I call an appliance repairman. He comes out next day. Hits me with the $70 service call---finds nothing. Machine works fine.
20 minutes after he leaves--water is everywhere.
I say "phuck this sh*t". go down the street (less than a 1/2 mile) buy another washer (scratch and dent for $240, nothing extravagent--just a functional unit). Hook it up. Wash a load of clothes. All is fine.
FFWD to last night, wash another load...water is every phuckin' where. I'm like what the living phuck. Turn washer on again--begins washing clothes w/no hitch. It gets ready to engage to the spin cycle and drain the water in the basin to the drain tube in the wall. The water backs up.
Muhphucka...this rent office is gonna hear it. I got rid of a perfectly good washing machine and I'm out a couple hundo because of they bullsh*t.
Hangin' w/Mr. Cooper -------------------
I want a mini cooper s. Not even a new one. a 2008 John Cooper Works.
Bug Infestation --------------
I also want a VW bug to satisfy the itch of the one I had in high school that I never got running. I don't even want an old one. I'll take the New Beetle and just flip it---but I do understand that they are not the most masculine of cars. Luckily my girl said "get one and I'll ride with you".
Does that make her my "ride or die chick". Probably not.
No Funds, No fun. ------------------
So in addition to the washing machine fiasco, It also all occurred within the same 48 hr period when I had to pay for this partial month of rent, pay my son's fall basketball fee, renew my car and renters insurance.
Nothing is worse than thinkin' you have some free and extra money, so I went ahead and bought the big dawg $100 Sam's Club membership, then my son's friends mom called me and was like "you register Greasy, Jr" for bball? We want to try to get all our boys on the same team so you need to do it now. That was another hunnid.
Then the washin' machine sh*t happens. Oh and then my son comes home with a phuckin' Boy Scouts renewal fee notice for $50.
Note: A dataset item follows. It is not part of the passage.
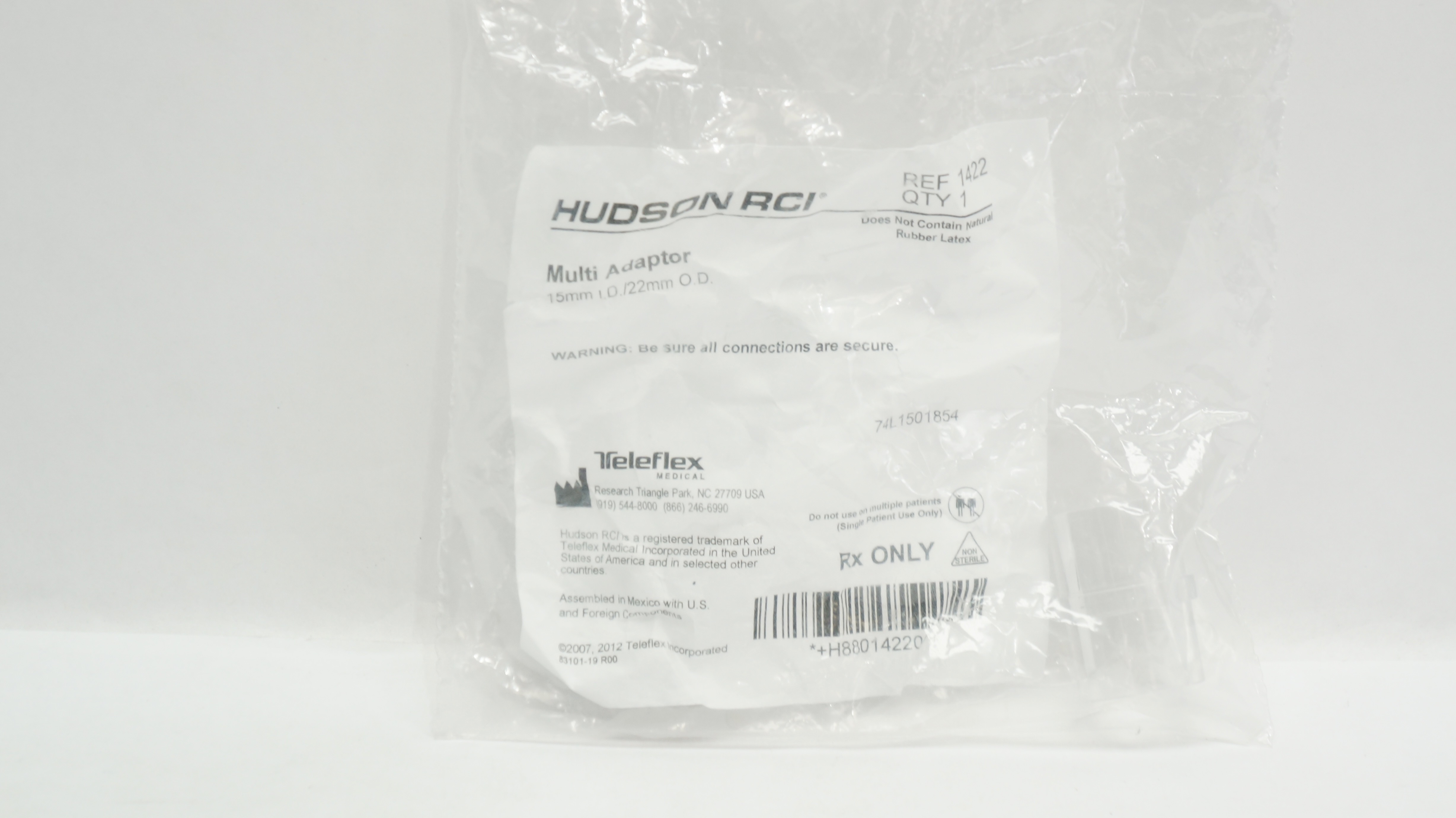 Teleflex 1422 Hudson RCI Multi Adaptor 15mm ID x 22mm OD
We sittin' in the house this weekend and washin' clothes just as soon as these muhphuckas come and fix that damn drainage pipe.
Violation ----------
My white co-worker asked me to go see Straight Out Of Compton with him? I asked why? He said because "I can't go see it by myself".
I walked away.
You are not about to make me your token black friend so that you can have an "in" to black culture and feel the safety that my epidermis brings in minority based situations.